Certain that they were safe from an unexpected attack, Mogolole led his team back to the AI camp. Minutes into the new path, all hell broke loose. The leopard was lying in wait for them; now at a different spot from the path they had used before. It spotted him first. Before he could say “leopard”, the big cat leapt forward and pounced on him.
“I was attacked right in front of my colleagues. When the leopard clawed at my face, they could have driven it off with a knife or clubs but they ran for their dear lives. We had done nothing to provoke the ferocious feline. I almost fainted, but something inside helped my fight off the murderous feline”, he says.
The leopard struck him with its claws on the neck and knocked him to the ground from the horse’s back. While on the ground, the animal was now gunning for his eyes. He had fallen with a thud facing the ground.
“It pinned me to the ground and was roaring at the same time. I was unable to get up as the leopard sunk its claws on my back,” remembers Mogolole.
It was a life and death struggle alone with the big cat in the shrubs. “I could hear its breath on my face as it went for my eyes. I had shielded them from its claws by facing the ground. In the end I faced it and looked it in the eye. I rained blows on it aimlessly because by now my eyes were covered in blood. I was bleeding profusely,” he recalls.

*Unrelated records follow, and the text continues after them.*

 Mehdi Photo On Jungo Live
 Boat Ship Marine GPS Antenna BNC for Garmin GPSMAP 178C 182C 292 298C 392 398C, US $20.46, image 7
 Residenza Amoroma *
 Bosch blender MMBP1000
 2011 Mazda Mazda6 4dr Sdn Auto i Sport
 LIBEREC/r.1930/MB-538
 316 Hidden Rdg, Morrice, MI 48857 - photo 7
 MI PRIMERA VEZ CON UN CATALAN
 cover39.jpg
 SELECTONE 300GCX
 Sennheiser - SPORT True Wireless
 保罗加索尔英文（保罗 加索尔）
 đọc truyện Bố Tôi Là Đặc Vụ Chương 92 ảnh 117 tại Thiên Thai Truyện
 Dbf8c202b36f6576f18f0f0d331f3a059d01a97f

He landed a blow into the animal’s mouth and it responded by literally biting off his finger, and spitting the piece on the ground. As he recounts the incident with traces of horror in his voice, Mogolole stretches out his hand to reveal a stump left when the leopard bit off his finger.
The leopard had sunk its claws on his neck and scalp. The injuries to both eyes are healing every day. But Mogolole has lost vision in both eyes. He also suffered numerous deep slashes and says he needed hundreds of stitches to reattach his scalp and fingers.
His companions had scurried away for their lives instead of clubbing the animal to death.
“Despite the fact that the animal was on top of me alone, I put up a brave fight. My face was covered with blood and I could hardly see what was happening. Later on after the long battle I was half unconscious but I could still hear the animal breathing as it lay under a shade next to me.”
Under the impression that he was dead, the leopard went away. “It just left me lying there for dead and walked away,” he says.
The injuries left by the leopard were life-threatening as he could feel a deep gush on his throat with his fingers.
“Even up to this day I don’t know how I managed to survive that attack. As I lay there helplessly, screaming my breath out for help, my colleagues arrived and carried me on a horse’s back,” says Mogolole his voice trailing off.
He was rushed to a tiny Metsimantsho clinic, from where an ambulance rushed him to Ghanzi Hospital.
“My other hand is paralysed even up to this day. I have also lost vision,” he says. He was forced to go into early retirement this earlier year because he could do nothing for a living.
Victims of leopard-human conflict like Mogolole have also been rendered literally disabled and are now relying on their families for their livelihoods.
But there is hope for Mogolole as medical experts are assessing “the damage left by the leopard” so that he could claim compensation from the Department of Veterinary Services.
The history and incidents of human-leopard conflict in the veldt around Ghanzi region which is a natural habitat for the big cats has been well documented over the years.
But the story of Mogolole still stand out as an exception because in almost all other incidents, the victims were able to survive attacks after driving off the savage animals with helps from their vicious dogs or armed colleagues.